Pictures by enerlevel - Photobucket


----------



## cubdenno (Nov 10, 2007)

length of port for a specific frequency is determined by box volume and area of port.

Give me volume of enclosure and I will tell you port.


----------



## enerlevel (Jun 6, 2009)

the dimension of the box is 14x36x20 external


----------



## cubdenno (Nov 10, 2007)

Based on SS's specs for the woof, they want 3 ports 4" in dia. by 18 " long for 1 sub at 2 cu/ft.

you have 4.62 cu ft gross. before woofs, before ports

I would build a common chambered box and slot port it. i would tune it higher than 37. Like 45 hertz. What type of car?

In car you should hit in the upper 20's fine. 

make port 5inches wide X 12.5 inches high X 17 long. This will take up about 3/4 of a cube of internal volume along with woof displacement it will put you a bit lower than 45 but you should be fine. It should also be a fairly quiet port.

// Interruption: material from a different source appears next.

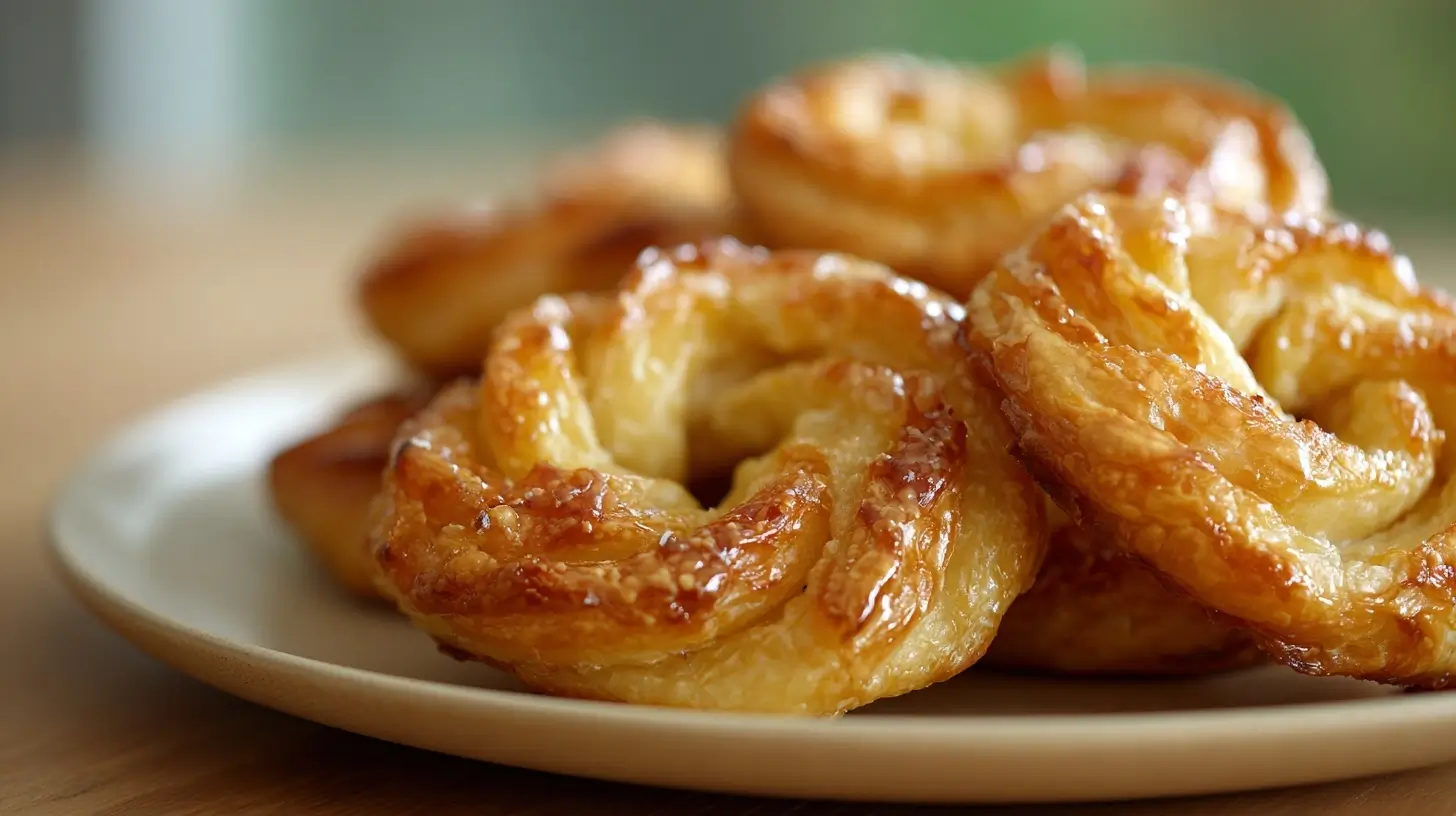Köstliche Apfelringe im Blätterteig, zubereitet in der Heißluftfritteuse für einen perfekten Snack.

Though there still may be a bit of huffing but it shouldn't be dramatic.

I use WinISD for the port tuning info.


----------



## enerlevel (Jun 6, 2009)

ok i tried making a box tuned to 35 hz.... it doesn sound very good. the high spl "ring your ears" effect went down and nor did the sub hit low very well.....


the other box tuned to 38hz sounded much better for spl effects.

so the final result i have is 
4.305 cubic foot gross without any sub displacement or port......

the vent size is 12.5 height and 3" wide.. now the only issue i have is the vent length.... its really funny cause with the same parameters , all different softwares show different lengths for the same tuning frequency...... i dont know which software is accurate..... 



p.s the car is civic sedan..... dont u think tuning to 45hz would really mess up rap songs>??


also i was thinking.... wat if i use pvc round 6" ports?? then i could at will change the frequency from 30 to 40hz.... depending on my mood..... is this a good or a bad idea?


----------



## cubdenno (Nov 10, 2007)

My son has 4 8" subs in an enclosure tuned to 45. he hits 141 at the dash. He listens to predominately rap music. It gets in the upper 20's fine. We run the subsonic at about 25-30 hertz.

How would using a 6" round port allow you to change the frequency at will?

Tuning involves internal volume of enclosure. Area of port and length.

It can be a math headache because every time you lengthen a port you decrease the box volume which is counterproductive to the lower tuning.

The 3" wide port will give you a lot of chuffing but if it is in your trunk, you should be fine.

WinISD gives me a length of about 7.5". this will give you close to 45.

Play with box placement in your car. Facing forward, backward, up... you get the idea.


----------